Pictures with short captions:
____________

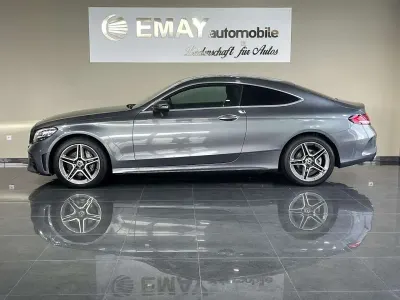 Używany Mercedes C180 AMG line 156 KM (114 kW) 2019 Szary Coupe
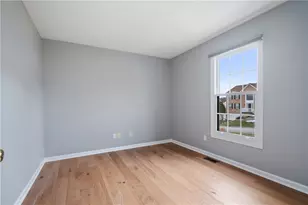 7053 Highland Creek Dr, Bridgeville, PA 15017 - Photo 12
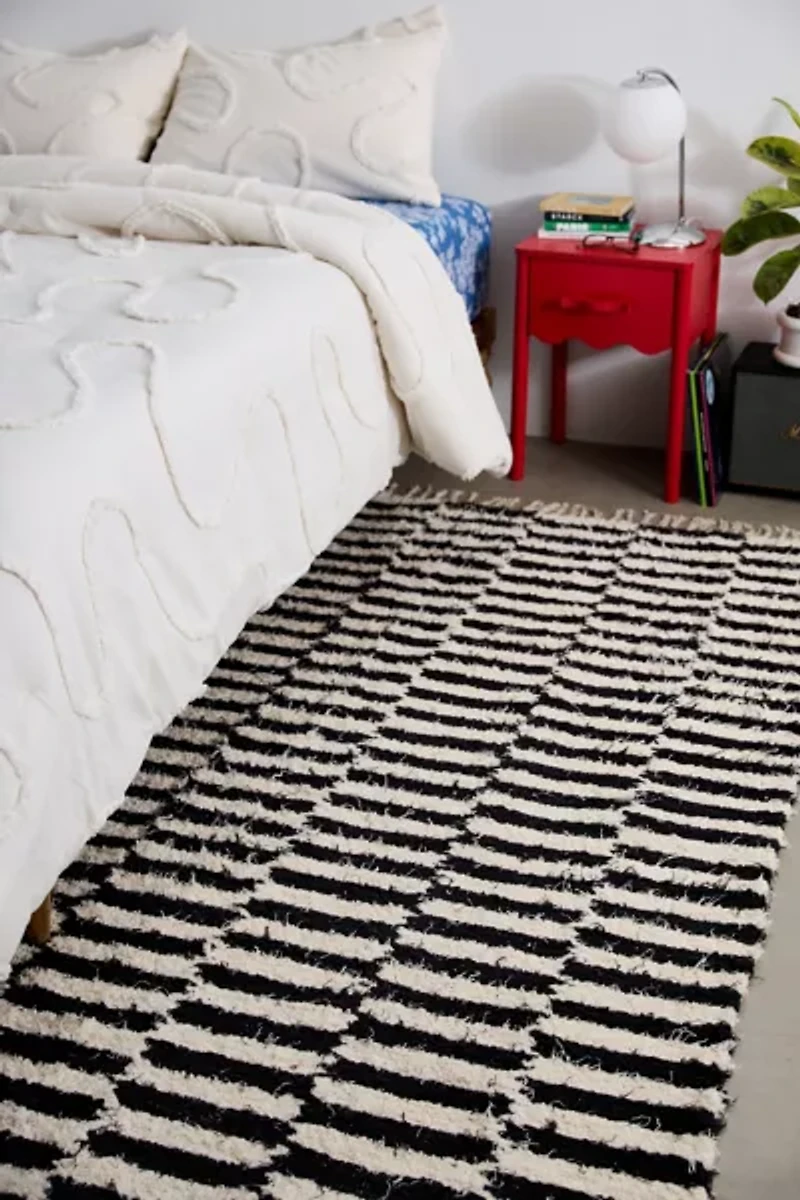 Irregular Checkerboard Shaggy Tassel Rug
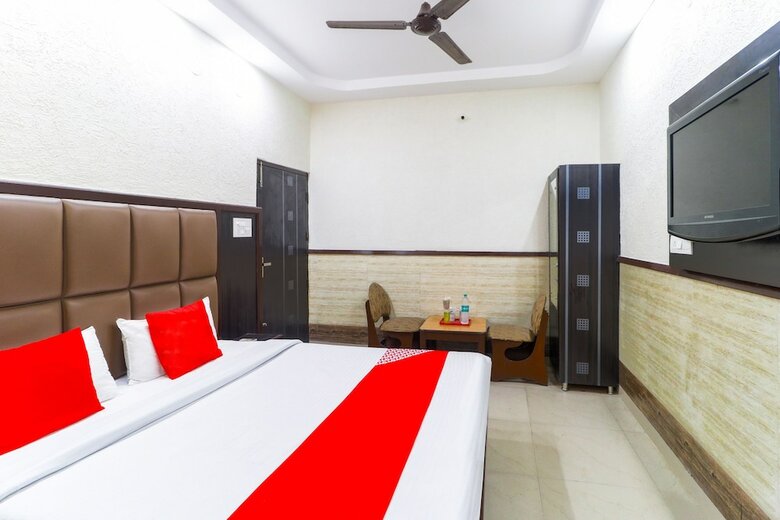 Hotel Oyo 46437 Malik Regency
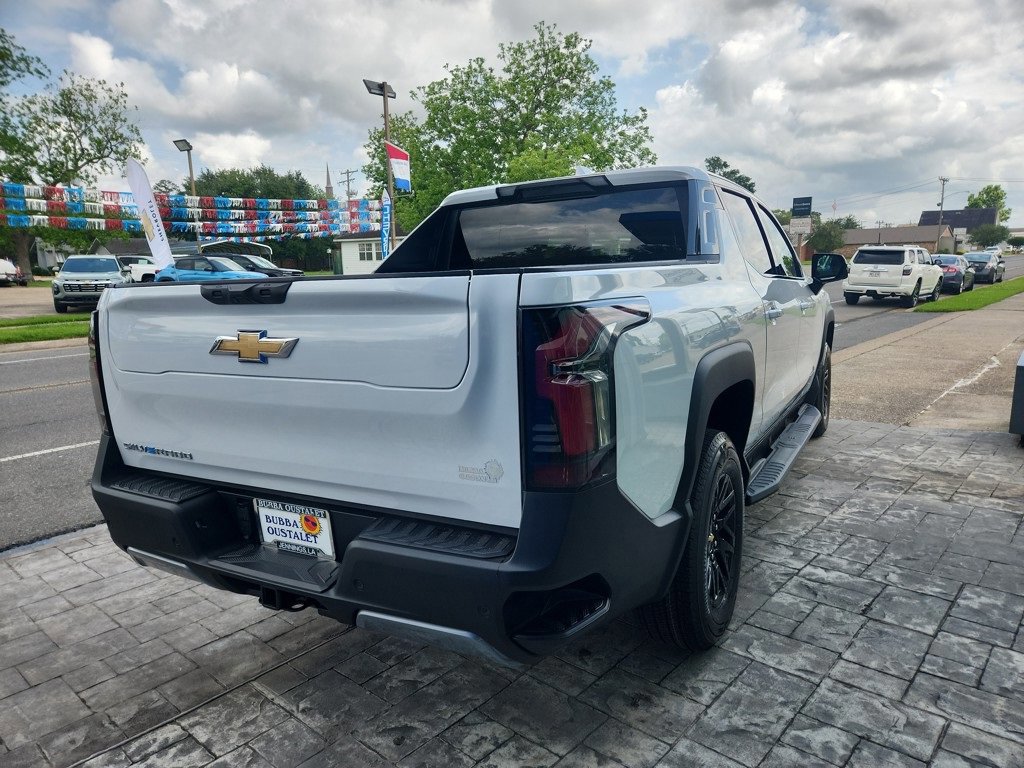 New 2025 Chevrolet Silverado EV LT image 3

____________

=== TASK REQUIREMENTS ===
Please set down the records above verbatim, with each picture left out.

=== YOUR RESPONSE ===
 Używany Mercedes C180 AMG line 156 KM (114 kW) 2019 Szary Coupe
 7053 Highland Creek Dr, Bridgeville, PA 15017 - Photo 12
 Irregular Checkerboard Shaggy Tassel Rug
 Hotel Oyo 46437 Malik Regency
 New 2025 Chevrolet Silverado EV LT image 3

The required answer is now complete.